Lorsqu’en 1910, une élection — encore truquée — mit au pouvoir le vieux général Porfirio Diaz qui écrasait le Mexique sous sa botte depuis 1876, le peuple décida de relever la tête et d’en finir avec l’autoritarisme militaire. Sous l’appel aux armes de Francisco I Madero le 20 novembre, la révolution devait enflammer le pays et donner aux pueblos, ouvriers et paysans, les rênes de leur destin. Même si les choses ne se passèrent pas exactement comme Madero l’avait prévu, le résultat en fut tout de même heureux. Le général Diaz parti en exil vers la France et celui que l’on dénommait « l’apôtre de la révolution » prit le pouvoir dans l’honneur et l’enthousiasme. Après une courte période d’euphorie et de réformes majeures, comme il arrive si souvent, les dissensions éclatèrent entre les anciens révolutionnaires. Les idées divergèrent et les moyens pour les imposer se radicalisèrent. Sans surprise, au final, Madero fut victime d’un coup d’État et assassiné le 21 février 1913. Dès lors, le pays entre de plain-pied dans une ère d’instabilité, de putschs et d’affrontements armés entre factions adverses. La belle et grande révolution se transformera en guerre civile et cette calamité saignera la nation jusqu’en 1920.
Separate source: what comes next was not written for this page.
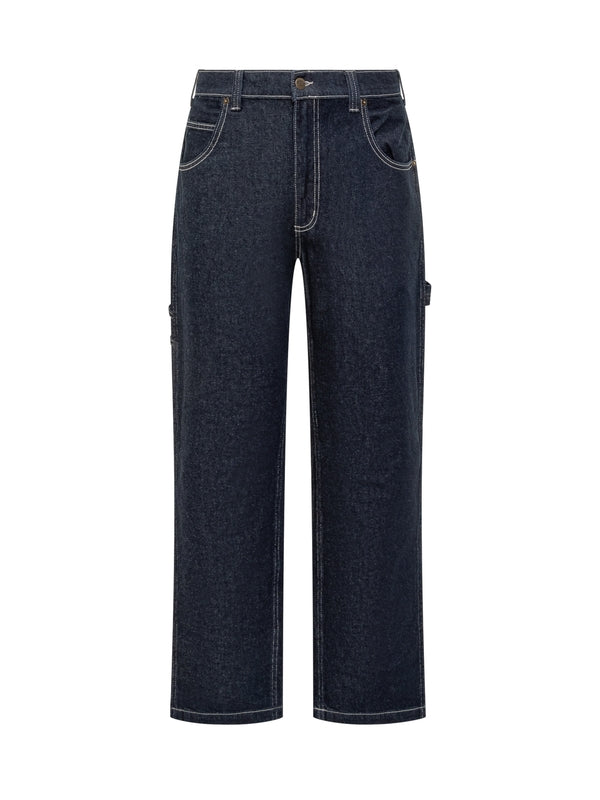 Dickies Navy Denim Pants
C’est donc dans ce sombre contexte que débarquent Max et Julien un peu comme deux chiens dans un jeu de quilles. Souvenez-vous que dans le premier volet de Notre Amérique, lorsqu’ils arraisonnèrent un cargo dans le port de Rouen, le Mexique n’était pas à l’agenda de nos deux révolutionnaires. Les cales pleines d’armes, le « Libertad » devait être détourné vers Hambourg où la révolte grondait. Cependant, les anarchistes européens virent leur cargaison redétourner par Tina la passionaria mexicaine et sa bande de guérilleros.  Dans Notre Amérique (deuxième époque : Le printemps mexicain) publié chez Futuropolis, le Français et l’Alsacien tout juste sortis de leur propre guerre, joignent celle de Tina et ses compañeros. À peine débarqués du « Libertad », les rebelles font face à une attaque de l’armée. Terrés derrière ce qui peut les abriter des balles gouvernementales, les hommes de Tina ne peuvent pas bouger, ni décharger les armes du cargo tant que personne n’aura fait taire le nid de mitrailleuses qui tient tout le monde en respect. Grisé par l’odeur de la poudre, Max entrainera Julien le photographe dans un coup de force désespéré. Les deux ex-soldats contourneront la troupe et neutraliseront la Gatling à coup de grenades. Dès lors, ils deviennent les héros du jour et l’euphorie s’empare du champ de bataille. C’est précisément à ce moment que l’intrigant colonel Craven sort de la poussière du combat sur son fier destrier. Originaire de la mer Baltique, Craven offre ses services aux paysans révoltés de Tina et entretiens avec cette dernière des rapports troubles autant sentimentaux qu’idéologiques.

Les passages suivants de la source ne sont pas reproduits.